■ **Instructions for the task**
Your task is to return all the entries below exactly, with every picture omitted.

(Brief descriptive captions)
+++
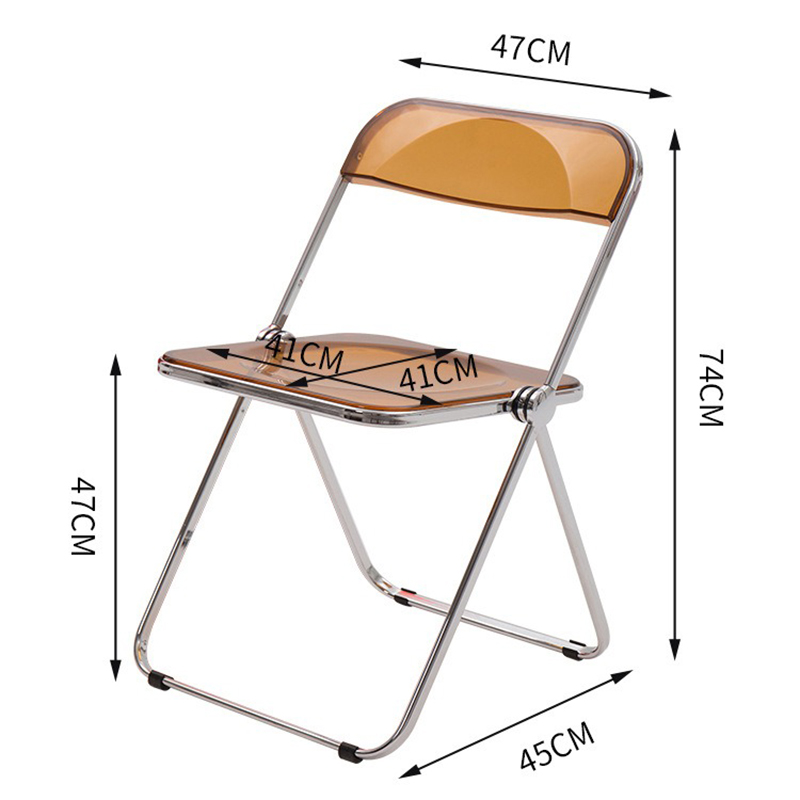 Ghế gấp cafe nhựa Mica trong suốt GC863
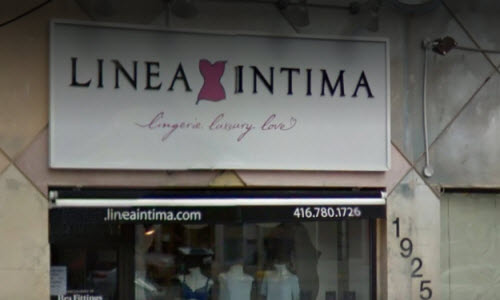 Linea Intima Lingerie Boutique outside View
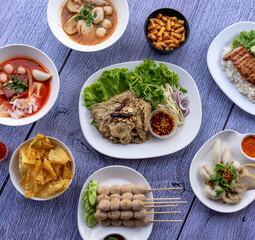 Mixed Thai Food Sets and Dishes 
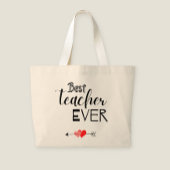 Grand Tote Bag Canvas bag, best teacher ever.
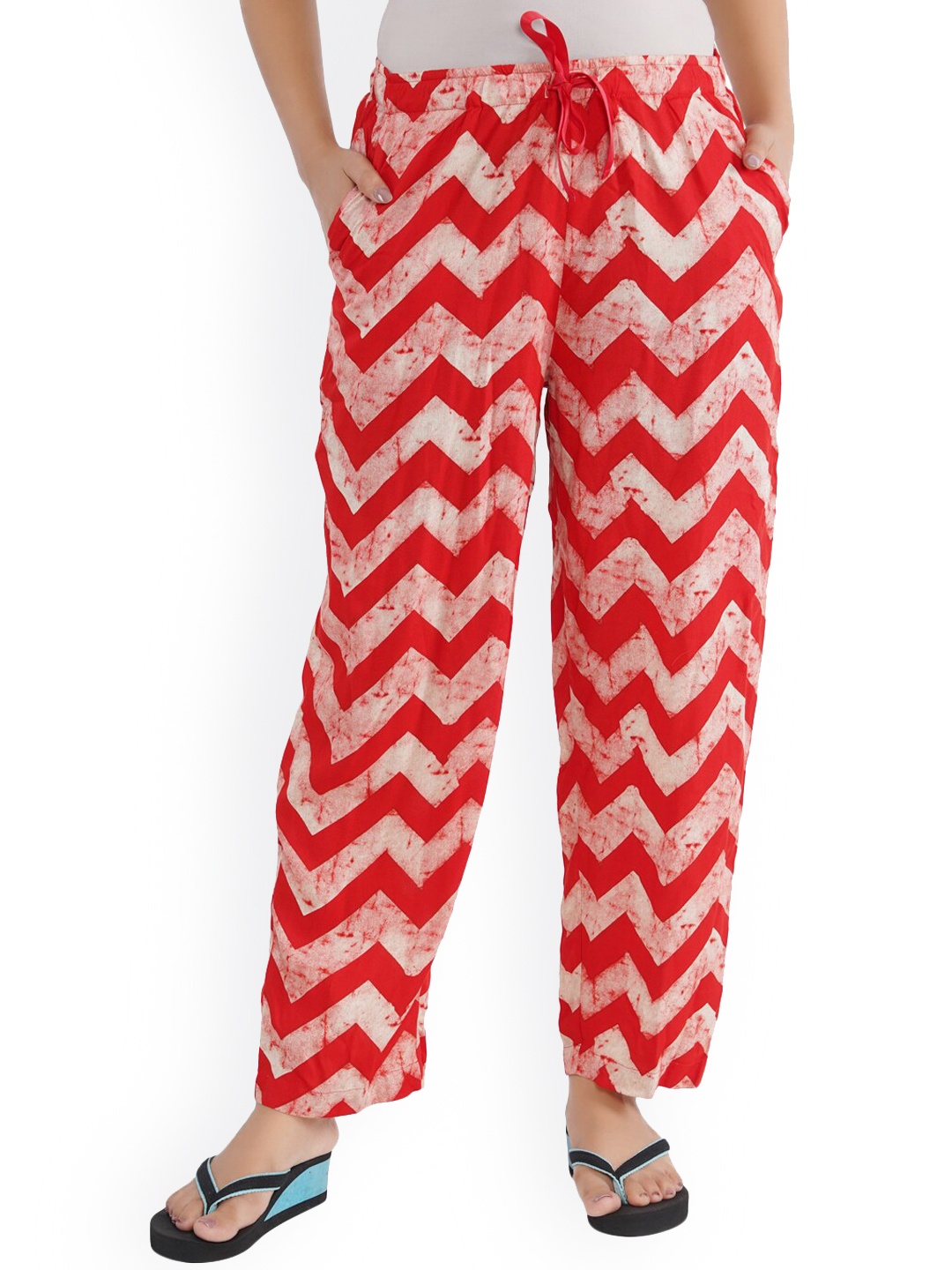 

Style Shoes Women Red Printed Lounge Pants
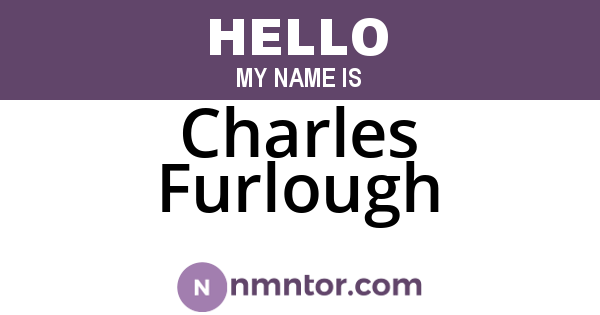 Charles Furlough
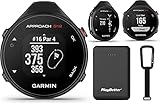 Garmin Approach G12 Golf GPS Handheld Bundle | Includes PlayBetter Portable Charger & Garmin Carabiner Clip | Golf GPS Device 2021 | Compact, 42,000+ Courses, Pocket Rangefinder | 010-02555-00
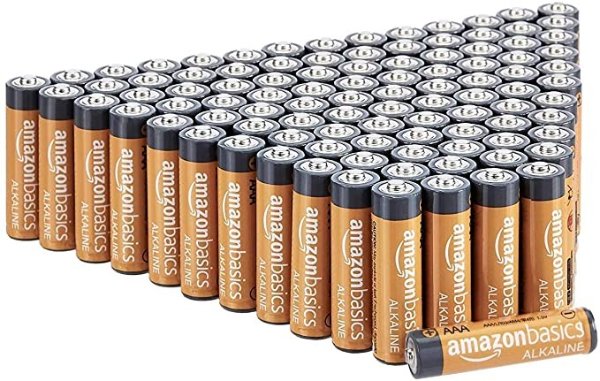100-Count AAA High-Performance Alkaline Batteries, 10-Year Shelf Life, Easy to Open Value Pack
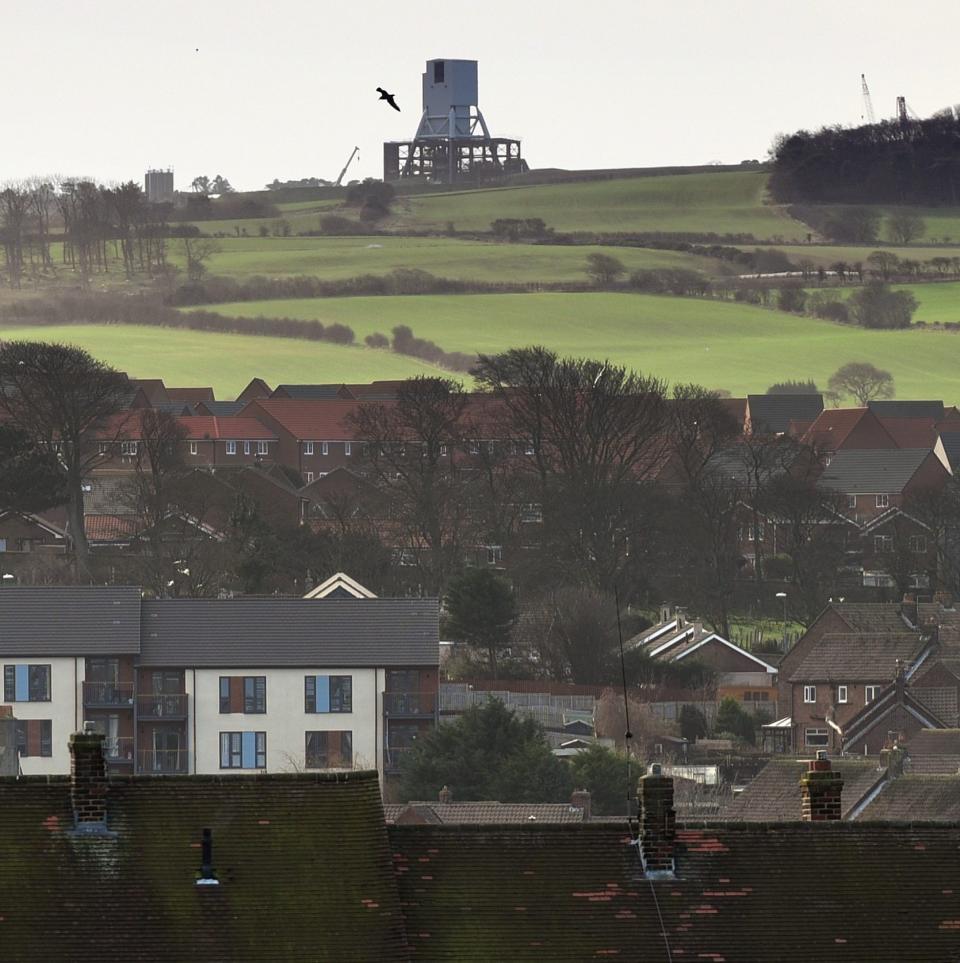  Sirius Minerals' Woodsmith polyhalite mine site dominates the skyline above Whitby, North Yorkshire - Asadour Guzelian/ 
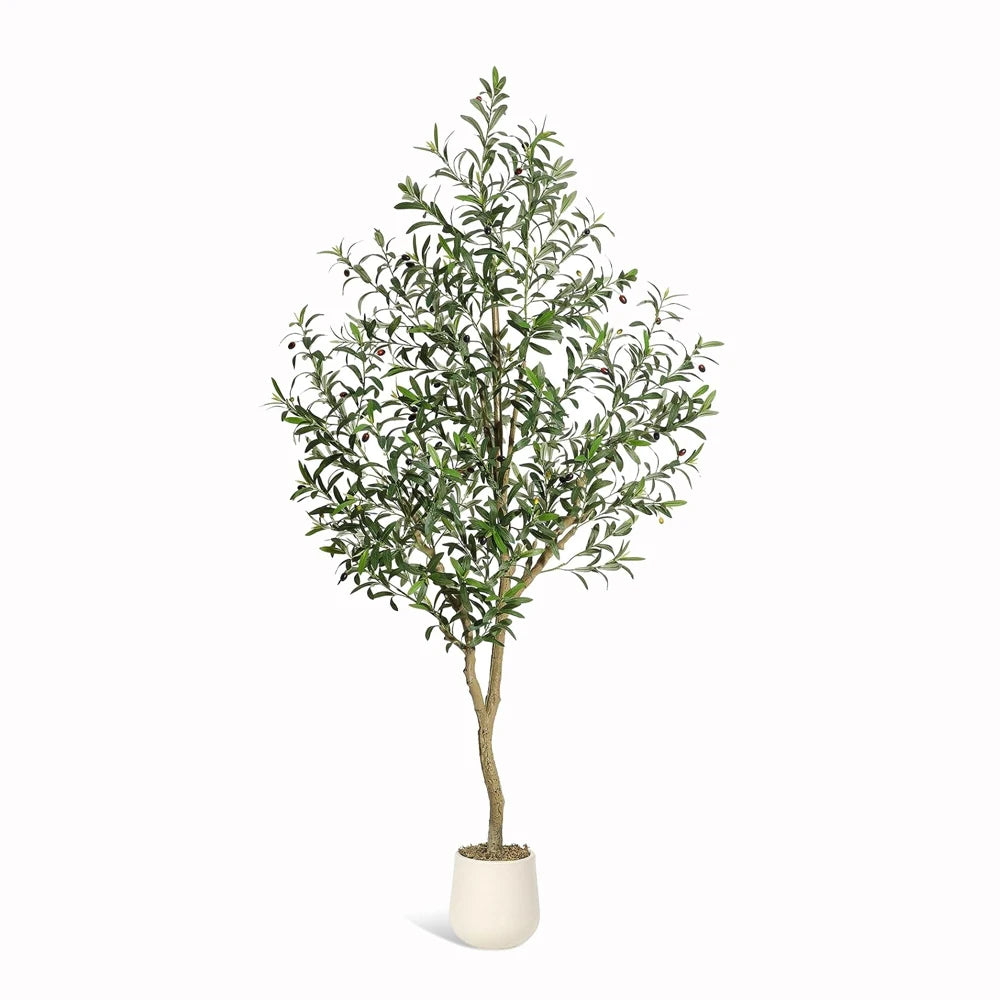 HiMISS Olive Trees Artificial Indoor Potted Plant For Home Decor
+++
■ **Response area**
 Ghế gấp cafe nhựa Mica trong suốt GC863
 Linea Intima Lingerie Boutique outside View
 Mixed Thai Food Sets and Dishes 
 Grand Tote Bag Canvas bag, best teacher ever.

Style Shoes Women Red Printed Lounge Pants
 Charles Furlough
 Garmin Approach G12 Golf GPS Handheld Bundle | Includes PlayBetter Portable Charger & Garmin Carabiner Clip | Golf GPS Device 2021 | Compact, 42,000+ Courses, Pocket Rangefinder | 010-02555-00
100-Count AAA High-Performance Alkaline Batteries, 10-Year Shelf Life, Easy to Open Value Pack
  Sirius Minerals' Woodsmith polyhalite mine site dominates the skyline above Whitby, North Yorkshire - Asadour Guzelian/ 
 HiMISS Olive Trees Artificial Indoor Potted Plant For Home Decor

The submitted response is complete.